Finalists: “Train Dreams,” by Denis Johnson (Farrar, Straus and Giroux); “Swamplandia!” by Karen Russell (Alfred A. Knopf); “The Pale King,” by David Foster Wallace (Little, Brown and Company).
J: Good grief. They could only find three novels to nominate and none to give the award to?
Stim: What's the point of killing yourself if you can't score a major posthumous award? Or considering the book was published three years after he offed himself, what's the point of writing from beyond the grave if the living aren't in awe?
J: Indeed. And what's the point of nominating a dead guy (or anyone) if you don't think they're worthy of the award, as they obviously thought none of the three was. I think there are usually five finalists. I can't believe it was that bad a year for fiction.
Stim: The best (or worst) fiction was being written for campaign speeches.
J: Yeah, very short, and scary, stories.
K: You know the whole inability to choose is because one guy on the committee had some bug up his ass. Did they really have to torment Wallace's family?
J: There have been several times they didn't give a fiction award, and I remember a prof telling me once, decades ago, that (it would have been '71, '74, or '77; they gave no award in those years; and they don't list the finalists before 1980 on the website) the fiction committee voted to award the Pulitzer to Gravity's Rainbow, but they were overruled by the board of directors at Columbia U because they didn't understand the book. So no award was given that year.
The last time they gave no fiction award was '77.
(They gave no award for editorial writing this year either.)
With all the politics and BS in their histories, between the Pulitzer and the National Book Award, we really don't have a decent, legitimate book award. And that's sad.
We'll probably find out in twenty years what really happened this year.
I love that on the website in describing the finalists, it says of The Pale King, "a posthumously completely novel." Now that is a good trick.
Torment Wallace's family. No, they shouldn't have. Not to mention the many good writers actually alive who published novels last year.
It's not like there weren't other big names out there with a book last year: Eugenides 'Marriage Plot", they could have gone brave and nominated John Sayles "A Moment in the Sun", or really brave with something contemporary like the well-reviewed "The Submission" by Amy Waldman (about a contest to design the 9/11 memorial and the resulting tumult when the winner, picked blindly, turns out to be a Muslim).
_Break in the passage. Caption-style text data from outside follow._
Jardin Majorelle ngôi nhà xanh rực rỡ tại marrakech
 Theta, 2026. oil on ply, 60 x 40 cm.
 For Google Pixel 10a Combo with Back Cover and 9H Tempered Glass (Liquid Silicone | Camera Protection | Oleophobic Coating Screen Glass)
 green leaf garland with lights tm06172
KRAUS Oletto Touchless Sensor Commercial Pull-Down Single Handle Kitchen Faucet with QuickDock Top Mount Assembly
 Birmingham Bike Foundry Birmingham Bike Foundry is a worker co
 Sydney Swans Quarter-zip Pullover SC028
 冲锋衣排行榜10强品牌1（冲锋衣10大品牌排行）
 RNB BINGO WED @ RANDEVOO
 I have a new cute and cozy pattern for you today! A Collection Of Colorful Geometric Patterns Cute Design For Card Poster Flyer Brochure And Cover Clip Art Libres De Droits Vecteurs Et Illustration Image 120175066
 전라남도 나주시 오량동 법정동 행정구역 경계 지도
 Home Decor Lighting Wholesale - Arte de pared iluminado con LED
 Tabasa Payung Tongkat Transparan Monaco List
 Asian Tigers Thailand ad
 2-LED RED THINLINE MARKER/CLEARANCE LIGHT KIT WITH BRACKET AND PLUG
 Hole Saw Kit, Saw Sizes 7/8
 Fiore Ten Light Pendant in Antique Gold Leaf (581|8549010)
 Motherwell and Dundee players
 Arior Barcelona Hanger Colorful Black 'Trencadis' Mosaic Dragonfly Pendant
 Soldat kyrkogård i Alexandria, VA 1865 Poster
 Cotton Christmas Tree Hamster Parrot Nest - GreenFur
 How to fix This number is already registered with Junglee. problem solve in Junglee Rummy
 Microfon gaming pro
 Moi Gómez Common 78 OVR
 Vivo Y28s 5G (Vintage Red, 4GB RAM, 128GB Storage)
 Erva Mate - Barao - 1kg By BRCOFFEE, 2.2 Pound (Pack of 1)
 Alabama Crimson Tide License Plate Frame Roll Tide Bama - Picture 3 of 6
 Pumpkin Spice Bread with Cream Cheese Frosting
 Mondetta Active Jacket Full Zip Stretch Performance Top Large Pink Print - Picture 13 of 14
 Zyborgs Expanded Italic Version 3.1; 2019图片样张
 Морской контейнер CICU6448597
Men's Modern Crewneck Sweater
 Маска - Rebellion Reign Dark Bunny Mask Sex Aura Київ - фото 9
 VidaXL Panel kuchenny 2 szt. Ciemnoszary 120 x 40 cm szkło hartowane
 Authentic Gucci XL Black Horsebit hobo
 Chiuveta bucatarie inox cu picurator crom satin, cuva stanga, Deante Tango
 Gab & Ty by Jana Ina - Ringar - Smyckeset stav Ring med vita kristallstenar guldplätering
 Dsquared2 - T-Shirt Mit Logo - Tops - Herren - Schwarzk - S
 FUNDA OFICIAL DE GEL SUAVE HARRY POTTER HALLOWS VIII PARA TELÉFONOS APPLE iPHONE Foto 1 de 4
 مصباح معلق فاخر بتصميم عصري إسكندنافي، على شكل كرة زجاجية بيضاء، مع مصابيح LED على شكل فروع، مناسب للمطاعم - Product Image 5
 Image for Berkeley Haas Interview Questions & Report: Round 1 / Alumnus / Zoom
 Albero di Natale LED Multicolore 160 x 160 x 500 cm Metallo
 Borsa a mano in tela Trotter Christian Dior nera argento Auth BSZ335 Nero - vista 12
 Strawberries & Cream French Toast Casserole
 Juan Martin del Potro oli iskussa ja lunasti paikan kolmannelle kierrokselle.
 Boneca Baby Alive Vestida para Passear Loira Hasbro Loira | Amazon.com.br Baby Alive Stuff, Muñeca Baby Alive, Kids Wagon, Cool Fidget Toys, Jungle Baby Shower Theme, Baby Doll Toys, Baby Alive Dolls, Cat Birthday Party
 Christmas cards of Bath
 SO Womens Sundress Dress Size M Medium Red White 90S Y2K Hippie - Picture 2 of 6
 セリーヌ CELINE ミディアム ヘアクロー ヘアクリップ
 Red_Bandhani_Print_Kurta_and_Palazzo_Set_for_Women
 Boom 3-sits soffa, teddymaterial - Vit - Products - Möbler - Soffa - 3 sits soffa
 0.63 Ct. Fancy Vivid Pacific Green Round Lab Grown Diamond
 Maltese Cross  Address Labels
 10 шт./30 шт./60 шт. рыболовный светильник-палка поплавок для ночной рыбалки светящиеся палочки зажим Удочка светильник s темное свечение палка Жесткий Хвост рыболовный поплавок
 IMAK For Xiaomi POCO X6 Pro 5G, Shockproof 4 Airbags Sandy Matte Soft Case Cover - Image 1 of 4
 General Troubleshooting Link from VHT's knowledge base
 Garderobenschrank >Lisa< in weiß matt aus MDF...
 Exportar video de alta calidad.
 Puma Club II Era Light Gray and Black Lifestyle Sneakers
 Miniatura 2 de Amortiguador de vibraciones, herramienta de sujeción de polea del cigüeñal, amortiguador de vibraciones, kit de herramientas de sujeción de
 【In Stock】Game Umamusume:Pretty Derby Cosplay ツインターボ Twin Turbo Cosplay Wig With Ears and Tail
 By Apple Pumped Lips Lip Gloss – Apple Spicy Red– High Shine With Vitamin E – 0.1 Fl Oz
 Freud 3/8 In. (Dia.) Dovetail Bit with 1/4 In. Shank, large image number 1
It's like they were all too busy tweeting this year to spend any time reading fiction.
Stim: "but they were overruled by the board of directors at Columbia U because they didn't understand the book" -- that's why you have a goddamn fiction committee you self-important, stuck up assholes.
I mean, I read Gravity's Rainbow--15 years ago or so-- and don't claim to understand it all, but when it came to the last hundred or so pages, out of 800, I stayed up up till about 3:00 one night finishing the book because I felt literally unable to put it down or stop reading. By the end I was shaking and the whole universe was shimmering around me. I've never done LSD, and I can't imagine a trip being wilder or more hallucinatory than I felt finishing that book.
It did win the National Book Award. They evidently didn't have a university board to overrule them.